• AIM OF THE TASK:
Output every record precisely.

• SUPPLIED MATERIAL:
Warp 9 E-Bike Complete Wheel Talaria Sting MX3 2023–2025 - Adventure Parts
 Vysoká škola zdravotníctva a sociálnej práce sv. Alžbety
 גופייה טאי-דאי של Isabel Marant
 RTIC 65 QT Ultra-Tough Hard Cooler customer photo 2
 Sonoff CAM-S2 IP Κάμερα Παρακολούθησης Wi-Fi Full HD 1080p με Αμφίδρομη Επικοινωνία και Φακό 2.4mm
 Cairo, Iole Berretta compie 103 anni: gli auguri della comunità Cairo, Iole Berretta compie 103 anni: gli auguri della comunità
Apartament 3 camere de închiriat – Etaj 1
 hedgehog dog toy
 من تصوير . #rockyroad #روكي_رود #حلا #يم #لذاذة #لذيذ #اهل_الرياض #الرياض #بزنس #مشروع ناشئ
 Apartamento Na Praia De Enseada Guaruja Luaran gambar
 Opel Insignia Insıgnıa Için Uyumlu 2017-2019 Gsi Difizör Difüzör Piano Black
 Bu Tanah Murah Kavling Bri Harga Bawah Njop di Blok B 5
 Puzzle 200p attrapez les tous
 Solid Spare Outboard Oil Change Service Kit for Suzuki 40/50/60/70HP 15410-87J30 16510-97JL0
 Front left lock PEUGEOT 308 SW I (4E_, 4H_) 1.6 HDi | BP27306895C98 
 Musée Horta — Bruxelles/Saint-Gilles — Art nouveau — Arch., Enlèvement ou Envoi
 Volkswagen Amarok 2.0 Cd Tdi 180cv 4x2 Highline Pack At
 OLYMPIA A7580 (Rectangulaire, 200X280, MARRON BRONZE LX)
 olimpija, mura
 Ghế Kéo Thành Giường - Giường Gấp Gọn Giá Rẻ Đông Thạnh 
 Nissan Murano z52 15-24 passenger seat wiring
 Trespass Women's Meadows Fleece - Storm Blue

• EXPECTED ANSWER:
Warp 9 E-Bike Complete Wheel Talaria Sting MX3 2023–2025 - Adventure Parts
 Vysoká škola zdravotníctva a sociálnej práce sv. Alžbety
 גופייה טאי-דאי של Isabel Marant
 RTIC 65 QT Ultra-Tough Hard Cooler customer photo 2
 Sonoff CAM-S2 IP Κάμερα Παρακολούθησης Wi-Fi Full HD 1080p με Αμφίδρομη Επικοινωνία και Φακό 2.4mm
 Cairo, Iole Berretta compie 103 anni: gli auguri della comunità Cairo, Iole Berretta compie 103 anni: gli auguri della comunità
Apartament 3 camere de închiriat – Etaj 1
 hedgehog dog toy
 من تصوير . #rockyroad #روكي_رود #حلا #يم #لذاذة #لذيذ #اهل_الرياض #الرياض #بزنس #مشروع ناشئ
 Apartamento Na Praia De Enseada Guaruja Luaran gambar
 Opel Insignia Insıgnıa Için Uyumlu 2017-2019 Gsi Difizör Difüzör Piano Black
 Bu Tanah Murah Kavling Bri Harga Bawah Njop di Blok B 5
 Puzzle 200p attrapez les tous
 Solid Spare Outboard Oil Change Service Kit for Suzuki 40/50/60/70HP 15410-87J30 16510-97JL0
 Front left lock PEUGEOT 308 SW I (4E_, 4H_) 1.6 HDi | BP27306895C98 
 Musée Horta — Bruxelles/Saint-Gilles — Art nouveau — Arch., Enlèvement ou Envoi
 Volkswagen Amarok 2.0 Cd Tdi 180cv 4x2 Highline Pack At
 OLYMPIA A7580 (Rectangulaire, 200X280, MARRON BRONZE LX)
 olimpija, mura
 Ghế Kéo Thành Giường - Giường Gấp Gọn Giá Rẻ Đông Thạnh 
 Nissan Murano z52 15-24 passenger seat wiring
 Trespass Women's Meadows Fleece - Storm Blue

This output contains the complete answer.